Christopher Kulis began his culinary career at the tender age of 5 years old with the intention to never stop cooking. So far, the 2012 Hawaii Rising Star Chef has succeeded in his goal. Kulis attended the Culinary Institute of America, then worked at The Broiler Room in Lake Tahoe before taking a job at California's Bouchon, where he stayed for three years. Kulis then worked throughout Europe as part of the Thomas Keller Restaurant Group. While in Italy Chef Brian Etheredge approached Kulis with the idea of joining the team at Capische? in Maui.
Kulis takes to heart the idea of farm-to-table (or as he calls it, dirt-to-mouth), working with local farmers to develop an on-site vegetable garden (complete with irrigation system), using the day’s catch as inspiration for the menu, and preferring not to serve product that would need to be flown in from the East Coast or New Zealand. However, he is not a slave to “local only,” willing to use beef from Idaho or other off-island product when warranted. Kulis also recently started Stir, a personal chef company, and The Salt Box, a high-end picnic basket caterer, and is exploring pop-up restaurants on other islands. Which is to say, so far as we can tell, he’s sticking to his childhood plan to never stop cooking.
Interview with 2012 Hawaii Rising Star Chef Christopher Kulis
Rachel Willard: What inspired you to pursue cooking professionally? How did you get into the business?
Chris Kulis: I started cooking when I was 15 because I needed a job and money—and a car—in that order. Working at a restaurant, I got addicted to service and the fast paced lifestyle. The addiction later turned to passion. That was 15 years ago. I was more interested in cooking than high school and luckily that paid off for me.
RW: What is your philosophy on food and dining?
CK: I like to have fun with traditional aspects and local products. We have all these beautiful fish here, so I’m not going to just bring in salmon. I use the ingredients I have around me to make the food that I would eat. That’s what it really comes down to.

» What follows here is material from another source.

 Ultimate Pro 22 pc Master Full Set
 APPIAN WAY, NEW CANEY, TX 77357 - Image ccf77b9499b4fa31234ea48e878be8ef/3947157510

RW: What culinary trends do you see in Hawaii?
CK: There are a lot of younger chefs that are trying to get away from older Hawaiian techniques and traditions—we have a lot of guys who are trying to step it up. When I got here 6 years ago, it was a little scary, a little abysmal. It’s now exciting. It’s fun that everything is moving forward. Hopefully that will continue.
RW: What advice would you give to young chefs just getting started?
NR: To get their culinary school paid for. I’m almost done with mine now. No, just having standards from the get-go and sticking with it. Whether you are cooking at your house, your restaurant or someone else’s, you have to have the same quality and care, no matter what. That’s what I try to do. You keep those standards and skills and don’t let anything change that. Always listen to that little voice, that conscience.
RW: Do you recommend culinary school to aspiring cooks? Do you hire chefs with or without a culinary background?
CK: I hire my cooks without background who have a passion for food. But I’m glad I went, not for the cost but for the doors it opened up. When I went to [the Culinary Institute of America], the amount of different food I ate and the people I saw and met took me all the way to Bouchon. It depends on the person but, for me, it made it more of a career that just being a cook. It’s the best decision I ever made for myself.
RW: What’s the toughest thing you’ve had to do in your job? Or a challenge you have had to overcome?
NR: Obviously, when you’re first starting out, finance is a big thing. You don’t get paid much for years. It’s hard to work your ass off and struggle without getting paid. That was hard but then everything becomes one-sided. Balance of life becomes hard to do. Living my life and running the restaurant is my biggest struggle.
RW: If you had one thing you could do over again, what would it be?
CK: I don’t know. If I did something over, I wouldn’t be where I am now. Not to say that all my decisions have been the best, but I wouldn’t have what I have now. I also might need a few more years to figure that one out.
RW: What does success mean for you?
CK: In this industry, it’s just making people happy. Every night can be a success. That’s what we try to do. Its constant, every night people come here on a honeymoon or because they heard about a really good meal. It’s not about a little write up or even a James Beard Award. We are here to make the people happy.
RW: How do you define Hawaiian cuisine?
CK: I don’t feel like my food is Hawaiian. I take different techniques and local ingredients. I think local cuisine is growing and it’s going to be constantly changing. Hopefully, we will even be getting local olive oil here in Maui. It’s a whole different ball game now.
RW: Where do you see yourself in five years?
Personally, I would like to see myself with a wife and family, but as far as my career, as long as we keep on the path and keep growing. Making Capische?
and side projects even more successful. You know, the sky is always the limit so I will keep heading in that direction.